TASK DATA

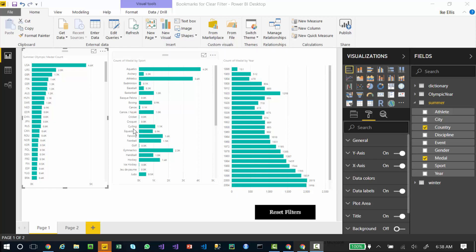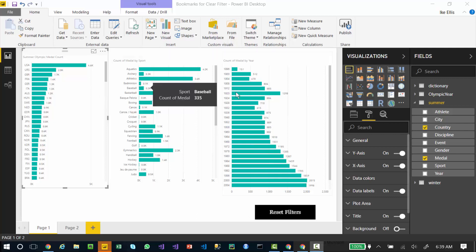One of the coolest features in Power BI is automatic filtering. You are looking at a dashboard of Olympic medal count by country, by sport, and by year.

==

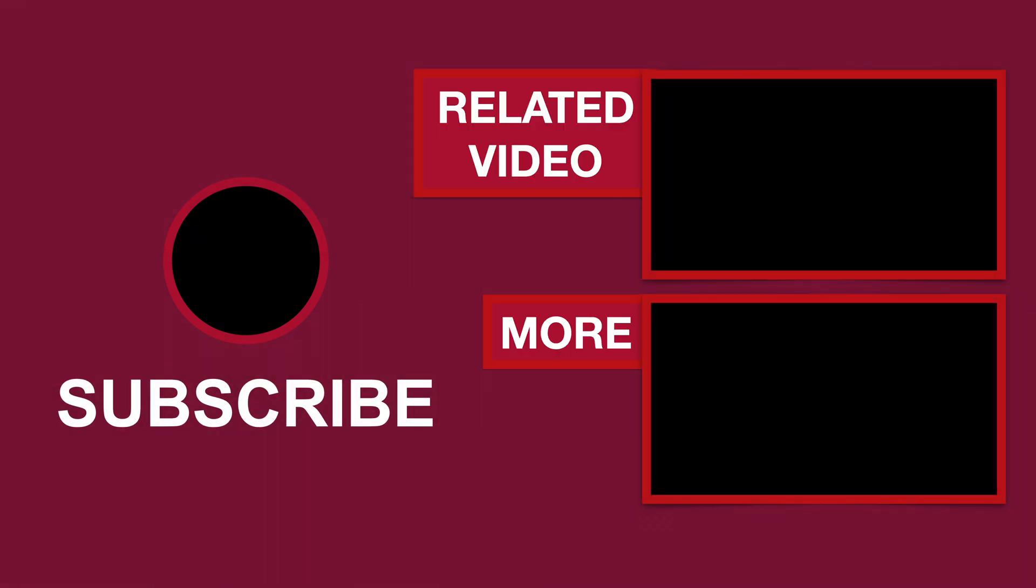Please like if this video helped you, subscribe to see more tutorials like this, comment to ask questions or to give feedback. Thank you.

--

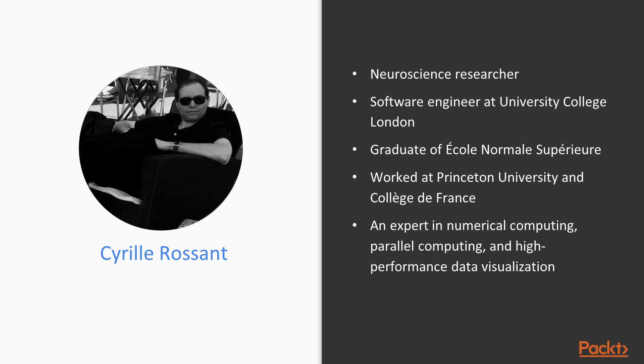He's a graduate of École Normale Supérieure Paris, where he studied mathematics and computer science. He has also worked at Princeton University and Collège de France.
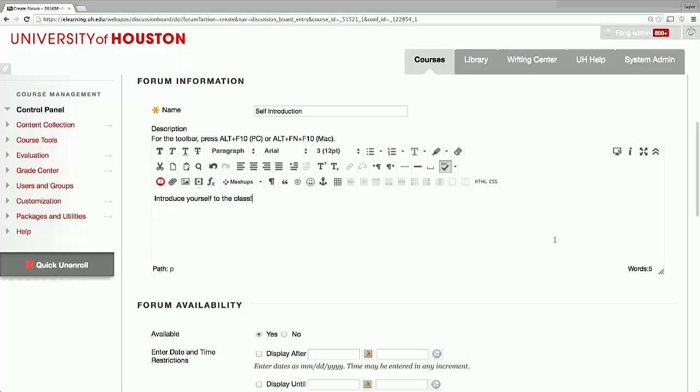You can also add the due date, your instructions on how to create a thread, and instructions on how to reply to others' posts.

PROMPT
The answer must be the lines above from the one containing "He's a graduate" through the one containing "You can also", reproduced exactly, with no pictures and nothing else.

RESPONSE TO THE EXERCISE
He's a graduate of École Normale Supérieure Paris, where he studied mathematics and computer science. He has also worked at Princeton University and Collège de France.
You can also add the due date, your instructions on how to create a thread, and instructions on how to reply to others' posts.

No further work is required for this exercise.